# [DATA UNDER STUDY]
——

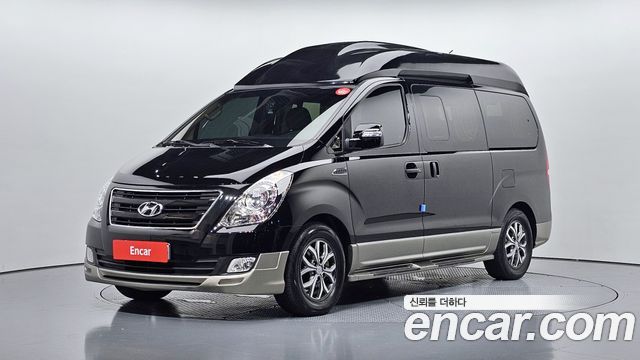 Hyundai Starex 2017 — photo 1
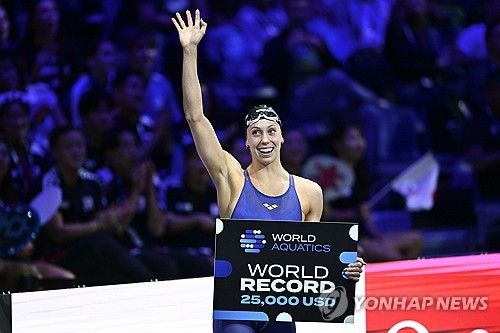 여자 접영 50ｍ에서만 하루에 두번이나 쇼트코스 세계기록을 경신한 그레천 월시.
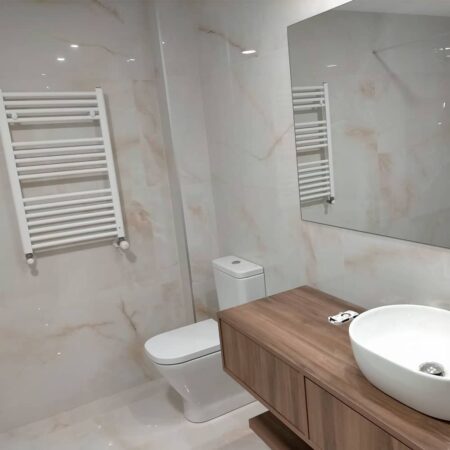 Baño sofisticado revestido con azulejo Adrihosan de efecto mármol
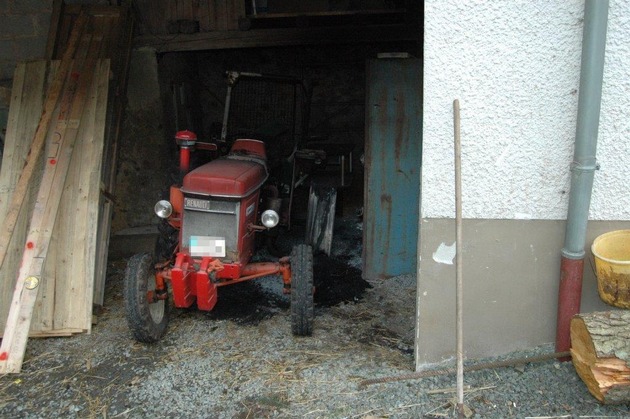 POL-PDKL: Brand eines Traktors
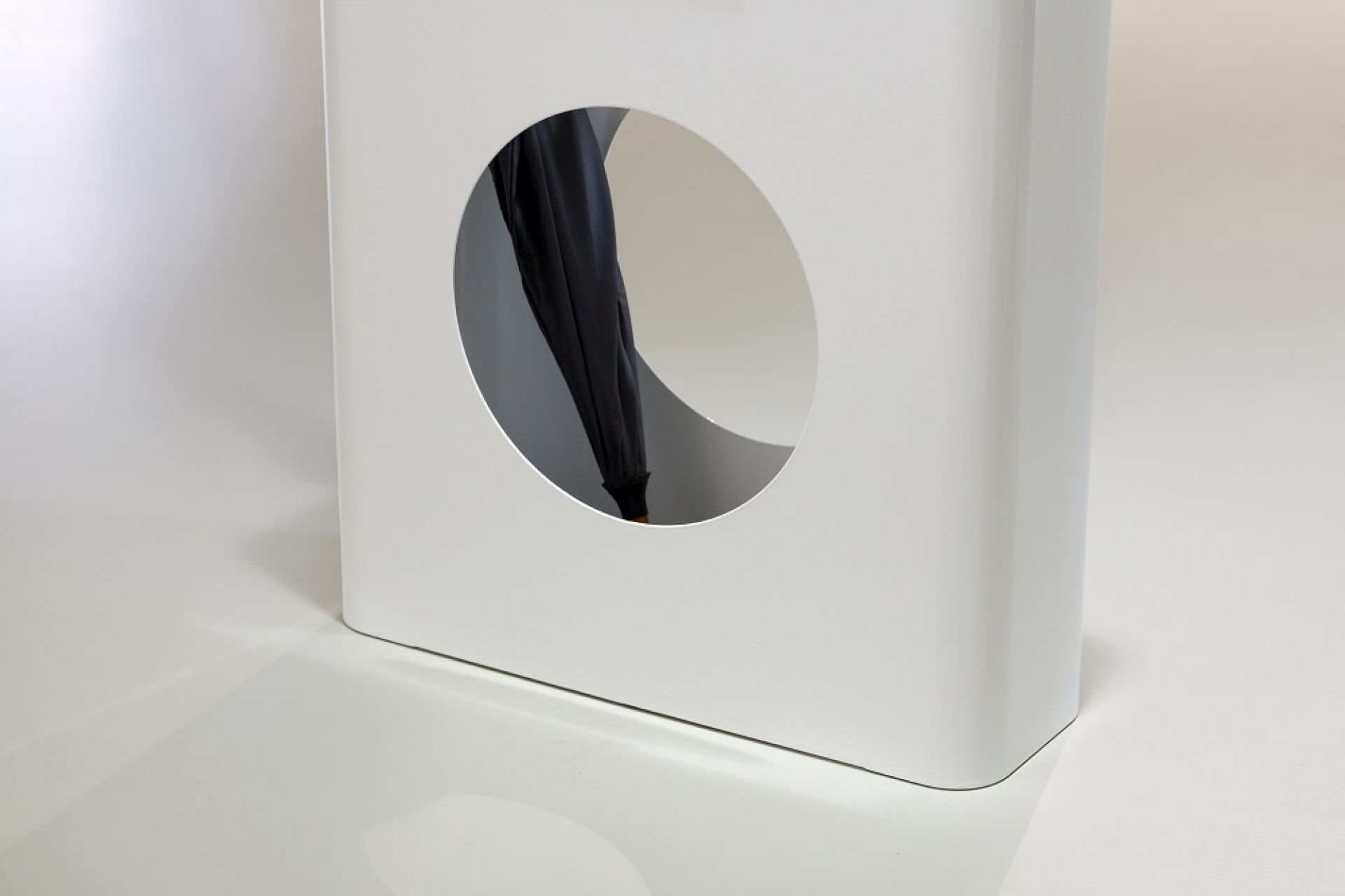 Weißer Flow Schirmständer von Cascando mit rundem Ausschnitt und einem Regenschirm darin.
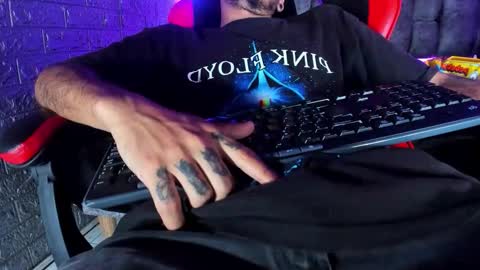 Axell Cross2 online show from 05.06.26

——

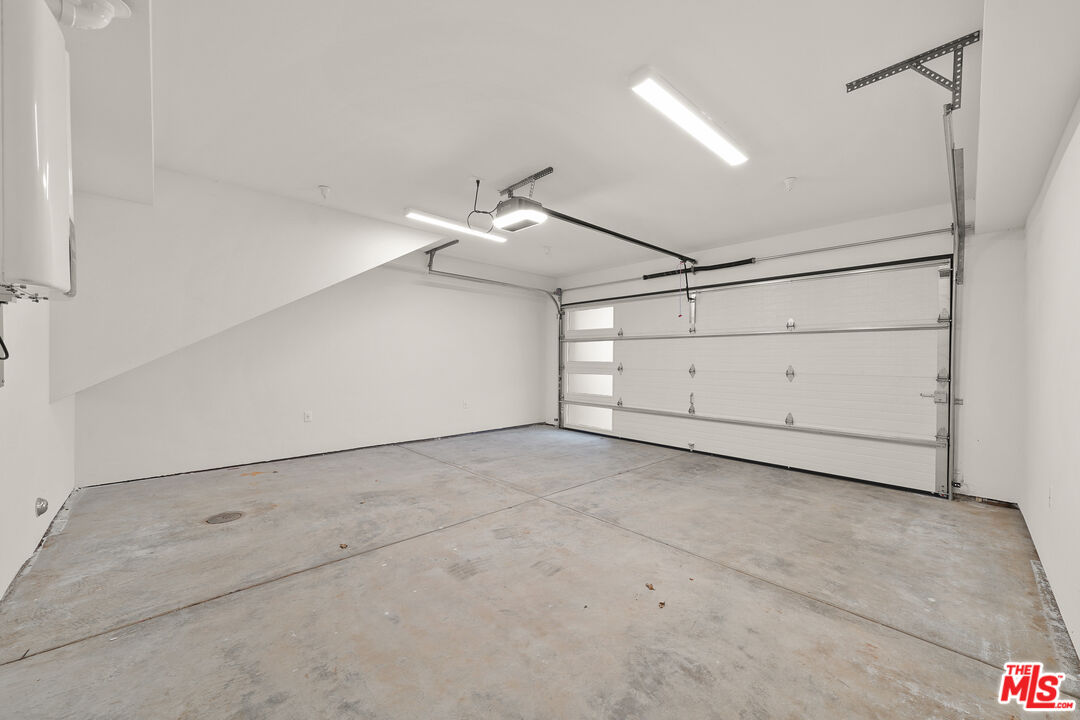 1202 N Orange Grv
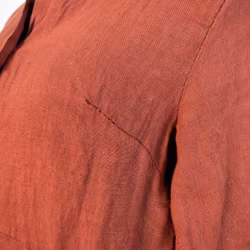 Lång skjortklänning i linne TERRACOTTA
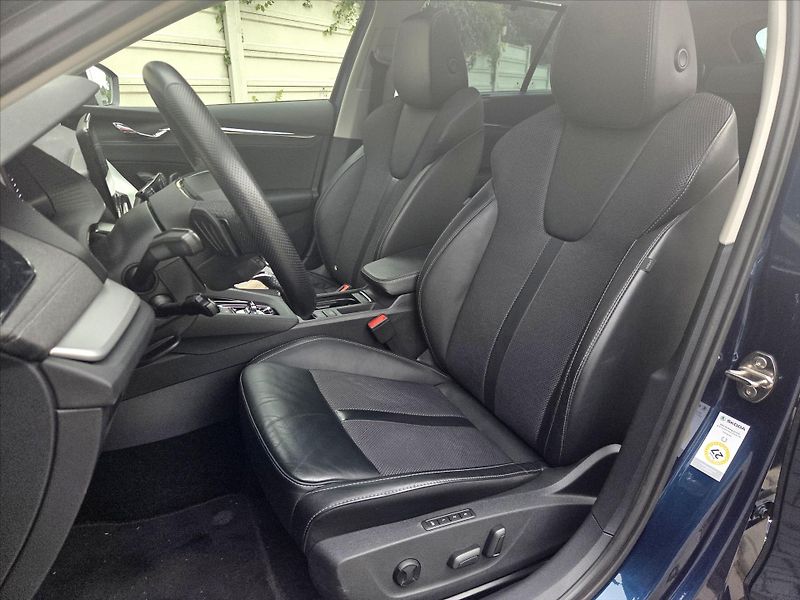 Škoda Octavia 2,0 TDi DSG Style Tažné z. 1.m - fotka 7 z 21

——

# [WHAT IS REQUIRED]
Go to the line above that contains "1202 N Orange Grv" and reproduce everything exactly from there through the line that contains "Škoda Octavia 2,0", leaving out the pictures.

# [RESPONSE]
 1202 N Orange Grv
 Lång skjortklänning i linne TERRACOTTA
 Škoda Octavia 2,0 TDi DSG Style Tažné z. 1.m - fotka 7 z 21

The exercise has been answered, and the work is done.